A me, questo villaggio vacanze globale inizia a starmi pesantemente sul cavolo. Anche a me Kim Jong Un fa paura. Un cicciopazzo pericolosissimo, armato di atomica e assurde manie da dittatore. Uno che fucila i dormienti, silura i distratti e mette tutti i coreani, incapaci dignitosamente di sacrificarsi come un tempo eravamo abituati a fare noi europei, in ordine di altezza. Anche a me non vanno bene un sacco di cose. Che la ndrangheta mi ammazza quelli con le palle che non pagano il pizzo, che l’Isis mi massacra Palmira. Che Saviano è considerata l’unica speranza culturale ed intellettuale di questo Paese.
Culturalmente posso dissentire. Posso scriverne un pezzo e prendermi gli insulti ma tengo la linea. La linea dell’orizzonte. Posso farmi andare di traverso il panino con nduja e melanzane parlando di TTP, di Soros, delle vongole misurate dall’Europa, dallo strapotere dell’egemonia culturale imperante che, in quanto cristiano, mi vede come una spina sotto la pianta del piede. Fuori tempo, fuori corso, fuori luogo. E invece io vivo, e ardisco come posso, e piango tutti i miei fratelli cristiani un po’ stuprati e gettati in una fosse comune, un po’ decapitati o crocefissi, ovunque. Posso tirare sonore testate al muro del tempo presente, che in realtà sembra più un trapassato prossimo, ma non perdo la lucidità. Anche se scenderei in piazza più che volentieri, come ho sempre fatto.

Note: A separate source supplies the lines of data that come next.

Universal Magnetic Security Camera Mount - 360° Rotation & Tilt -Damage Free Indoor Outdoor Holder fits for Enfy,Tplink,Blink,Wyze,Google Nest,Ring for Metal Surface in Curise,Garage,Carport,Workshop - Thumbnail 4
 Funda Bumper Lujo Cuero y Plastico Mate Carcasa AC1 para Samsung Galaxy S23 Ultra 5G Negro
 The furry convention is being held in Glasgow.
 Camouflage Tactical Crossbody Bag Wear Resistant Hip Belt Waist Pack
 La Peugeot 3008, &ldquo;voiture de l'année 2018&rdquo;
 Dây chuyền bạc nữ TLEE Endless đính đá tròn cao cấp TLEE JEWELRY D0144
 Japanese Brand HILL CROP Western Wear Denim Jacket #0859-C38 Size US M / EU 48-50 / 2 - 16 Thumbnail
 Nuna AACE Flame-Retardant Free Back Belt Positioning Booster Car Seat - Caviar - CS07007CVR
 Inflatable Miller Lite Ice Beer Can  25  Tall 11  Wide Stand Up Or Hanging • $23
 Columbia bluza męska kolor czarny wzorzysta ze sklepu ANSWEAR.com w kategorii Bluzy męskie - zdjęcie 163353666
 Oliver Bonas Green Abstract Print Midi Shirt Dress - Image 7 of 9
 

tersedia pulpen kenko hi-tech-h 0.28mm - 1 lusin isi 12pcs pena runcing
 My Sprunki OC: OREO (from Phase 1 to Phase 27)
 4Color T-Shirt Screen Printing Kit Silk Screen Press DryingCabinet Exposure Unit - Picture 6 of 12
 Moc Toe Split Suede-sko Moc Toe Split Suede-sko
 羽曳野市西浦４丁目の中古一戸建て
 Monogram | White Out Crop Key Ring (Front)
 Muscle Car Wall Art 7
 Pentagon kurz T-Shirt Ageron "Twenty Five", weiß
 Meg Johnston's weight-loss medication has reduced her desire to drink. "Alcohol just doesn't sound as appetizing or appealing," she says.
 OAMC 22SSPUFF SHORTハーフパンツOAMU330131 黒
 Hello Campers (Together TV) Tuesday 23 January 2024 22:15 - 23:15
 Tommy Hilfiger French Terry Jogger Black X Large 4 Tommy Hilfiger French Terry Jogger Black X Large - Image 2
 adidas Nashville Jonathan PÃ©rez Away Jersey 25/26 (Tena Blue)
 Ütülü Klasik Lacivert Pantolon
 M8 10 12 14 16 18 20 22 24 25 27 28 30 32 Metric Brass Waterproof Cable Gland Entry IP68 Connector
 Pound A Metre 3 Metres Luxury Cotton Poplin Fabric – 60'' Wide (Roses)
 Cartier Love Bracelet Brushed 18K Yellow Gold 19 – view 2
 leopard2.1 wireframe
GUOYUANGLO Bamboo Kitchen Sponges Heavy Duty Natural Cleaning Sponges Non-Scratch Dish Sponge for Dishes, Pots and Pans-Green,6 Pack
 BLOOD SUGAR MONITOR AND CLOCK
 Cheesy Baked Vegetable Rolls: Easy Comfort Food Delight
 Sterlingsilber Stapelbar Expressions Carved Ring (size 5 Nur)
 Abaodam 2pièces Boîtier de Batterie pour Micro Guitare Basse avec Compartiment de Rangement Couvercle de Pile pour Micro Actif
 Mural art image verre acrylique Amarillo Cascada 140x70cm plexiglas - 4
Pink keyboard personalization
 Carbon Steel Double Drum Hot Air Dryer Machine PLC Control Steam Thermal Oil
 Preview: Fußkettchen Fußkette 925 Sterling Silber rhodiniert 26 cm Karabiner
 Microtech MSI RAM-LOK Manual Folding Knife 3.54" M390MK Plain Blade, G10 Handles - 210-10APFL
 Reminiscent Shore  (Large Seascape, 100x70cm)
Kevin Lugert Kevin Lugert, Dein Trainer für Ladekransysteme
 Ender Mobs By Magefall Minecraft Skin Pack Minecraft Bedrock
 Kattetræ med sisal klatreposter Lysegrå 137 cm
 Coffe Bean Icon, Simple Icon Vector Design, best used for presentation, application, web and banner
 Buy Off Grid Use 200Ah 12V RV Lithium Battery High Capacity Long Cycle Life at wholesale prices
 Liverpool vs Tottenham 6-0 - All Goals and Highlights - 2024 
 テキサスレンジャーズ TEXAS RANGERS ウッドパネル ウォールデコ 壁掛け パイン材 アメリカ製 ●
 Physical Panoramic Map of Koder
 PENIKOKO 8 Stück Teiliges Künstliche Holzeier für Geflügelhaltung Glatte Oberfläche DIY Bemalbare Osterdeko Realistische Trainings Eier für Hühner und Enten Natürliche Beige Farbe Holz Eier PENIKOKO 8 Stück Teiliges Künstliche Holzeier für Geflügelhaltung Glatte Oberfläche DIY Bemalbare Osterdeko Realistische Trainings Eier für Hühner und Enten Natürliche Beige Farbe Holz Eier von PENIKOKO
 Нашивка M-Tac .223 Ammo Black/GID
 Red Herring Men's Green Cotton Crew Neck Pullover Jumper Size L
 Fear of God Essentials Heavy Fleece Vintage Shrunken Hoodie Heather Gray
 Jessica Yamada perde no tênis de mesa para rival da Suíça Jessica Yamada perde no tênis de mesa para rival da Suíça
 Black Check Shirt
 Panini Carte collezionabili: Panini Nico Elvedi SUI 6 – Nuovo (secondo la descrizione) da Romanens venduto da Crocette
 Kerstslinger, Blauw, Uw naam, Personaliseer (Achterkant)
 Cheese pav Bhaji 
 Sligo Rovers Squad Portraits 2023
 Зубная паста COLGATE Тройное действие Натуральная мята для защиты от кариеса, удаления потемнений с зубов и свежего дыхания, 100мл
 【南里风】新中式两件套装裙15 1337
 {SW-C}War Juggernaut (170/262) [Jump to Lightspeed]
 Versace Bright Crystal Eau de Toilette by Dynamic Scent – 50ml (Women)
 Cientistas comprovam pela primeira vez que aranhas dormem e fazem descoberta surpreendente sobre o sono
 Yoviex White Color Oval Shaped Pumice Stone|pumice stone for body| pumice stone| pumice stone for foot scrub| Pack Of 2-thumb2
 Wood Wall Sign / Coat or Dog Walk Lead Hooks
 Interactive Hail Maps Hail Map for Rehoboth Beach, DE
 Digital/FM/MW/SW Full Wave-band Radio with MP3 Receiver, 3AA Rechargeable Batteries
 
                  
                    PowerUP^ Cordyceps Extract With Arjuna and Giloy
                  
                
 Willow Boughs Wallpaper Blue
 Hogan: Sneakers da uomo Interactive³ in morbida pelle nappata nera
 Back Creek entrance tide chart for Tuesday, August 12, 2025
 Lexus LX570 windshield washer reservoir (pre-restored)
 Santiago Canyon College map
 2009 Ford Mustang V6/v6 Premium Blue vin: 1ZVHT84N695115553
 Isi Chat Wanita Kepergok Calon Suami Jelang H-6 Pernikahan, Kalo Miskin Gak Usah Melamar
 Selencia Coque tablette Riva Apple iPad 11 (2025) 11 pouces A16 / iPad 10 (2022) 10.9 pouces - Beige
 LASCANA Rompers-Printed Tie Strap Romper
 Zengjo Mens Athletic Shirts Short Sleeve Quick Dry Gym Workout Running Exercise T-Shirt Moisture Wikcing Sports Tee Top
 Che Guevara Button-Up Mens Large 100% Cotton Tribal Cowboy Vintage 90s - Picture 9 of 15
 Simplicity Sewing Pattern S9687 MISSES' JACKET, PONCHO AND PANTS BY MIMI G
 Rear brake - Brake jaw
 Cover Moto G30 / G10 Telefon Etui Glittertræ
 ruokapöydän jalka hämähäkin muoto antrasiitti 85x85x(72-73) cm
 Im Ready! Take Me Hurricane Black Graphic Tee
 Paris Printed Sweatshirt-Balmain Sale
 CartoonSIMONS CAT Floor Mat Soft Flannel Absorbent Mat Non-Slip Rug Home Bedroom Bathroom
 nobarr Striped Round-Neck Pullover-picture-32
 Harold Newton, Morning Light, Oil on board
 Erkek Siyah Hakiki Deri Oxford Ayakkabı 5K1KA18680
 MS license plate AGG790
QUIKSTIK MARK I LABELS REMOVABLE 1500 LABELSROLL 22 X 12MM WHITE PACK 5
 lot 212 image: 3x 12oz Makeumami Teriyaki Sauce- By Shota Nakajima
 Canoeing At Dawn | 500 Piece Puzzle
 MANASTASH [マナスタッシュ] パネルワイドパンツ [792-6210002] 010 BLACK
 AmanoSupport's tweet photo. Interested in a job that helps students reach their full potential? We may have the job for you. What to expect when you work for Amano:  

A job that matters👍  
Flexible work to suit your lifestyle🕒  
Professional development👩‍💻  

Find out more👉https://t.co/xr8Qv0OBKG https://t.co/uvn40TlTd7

Meschina falsità collettiva.

A Roma protestano le donne, a Latina gli spazzacamini, a Viterbo i norcini e a Rocca Priora i gelatai. Signore, Signori, Signor*, Trump non è il mio presidente! Nel vero senso della parola. Noi abbiamo Gentiloni e Mattarella. E Trump è negli States, come la Le Pen è in Francia. Non siamo un popolo di idealisti, siamo vouyeur.

Basta! Ripensiamoci, e per qualche ora spegniamo l’internet che ci fa male, a tutti, me compreso.